Records from a collection:
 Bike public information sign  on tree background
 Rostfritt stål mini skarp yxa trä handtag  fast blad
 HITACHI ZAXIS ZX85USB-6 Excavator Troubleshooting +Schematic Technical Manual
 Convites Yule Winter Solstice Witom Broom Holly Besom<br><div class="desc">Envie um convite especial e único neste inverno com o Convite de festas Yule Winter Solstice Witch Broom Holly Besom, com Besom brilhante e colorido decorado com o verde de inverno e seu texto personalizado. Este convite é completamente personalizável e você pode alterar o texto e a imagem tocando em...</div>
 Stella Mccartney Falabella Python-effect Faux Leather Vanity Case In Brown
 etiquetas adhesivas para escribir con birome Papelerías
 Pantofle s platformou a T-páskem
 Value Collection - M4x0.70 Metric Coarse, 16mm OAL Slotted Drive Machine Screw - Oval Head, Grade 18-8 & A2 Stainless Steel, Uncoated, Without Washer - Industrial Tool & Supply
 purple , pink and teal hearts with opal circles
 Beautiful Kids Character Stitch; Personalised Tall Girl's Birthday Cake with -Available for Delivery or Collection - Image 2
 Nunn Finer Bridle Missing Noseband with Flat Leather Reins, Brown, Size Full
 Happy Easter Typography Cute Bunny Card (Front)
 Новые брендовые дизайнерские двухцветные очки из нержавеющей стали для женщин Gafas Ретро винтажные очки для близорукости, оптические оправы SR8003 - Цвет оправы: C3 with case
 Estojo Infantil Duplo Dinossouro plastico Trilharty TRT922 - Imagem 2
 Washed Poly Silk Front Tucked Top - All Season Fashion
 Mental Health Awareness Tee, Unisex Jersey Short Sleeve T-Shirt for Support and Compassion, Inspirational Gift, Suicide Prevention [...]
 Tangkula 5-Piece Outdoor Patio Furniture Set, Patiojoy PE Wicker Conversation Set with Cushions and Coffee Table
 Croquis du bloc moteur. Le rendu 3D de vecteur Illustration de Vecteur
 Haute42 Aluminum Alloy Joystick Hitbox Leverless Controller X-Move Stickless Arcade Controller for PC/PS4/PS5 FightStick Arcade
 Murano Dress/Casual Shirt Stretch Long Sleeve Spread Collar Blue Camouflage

What is expected:
Gather every line from the entries above where the word "Front" appears, and copy them.

Result of this task:
 Happy Easter Typography Cute Bunny Card (Front)
 Washed Poly Silk Front Tucked Top - All Season Fashion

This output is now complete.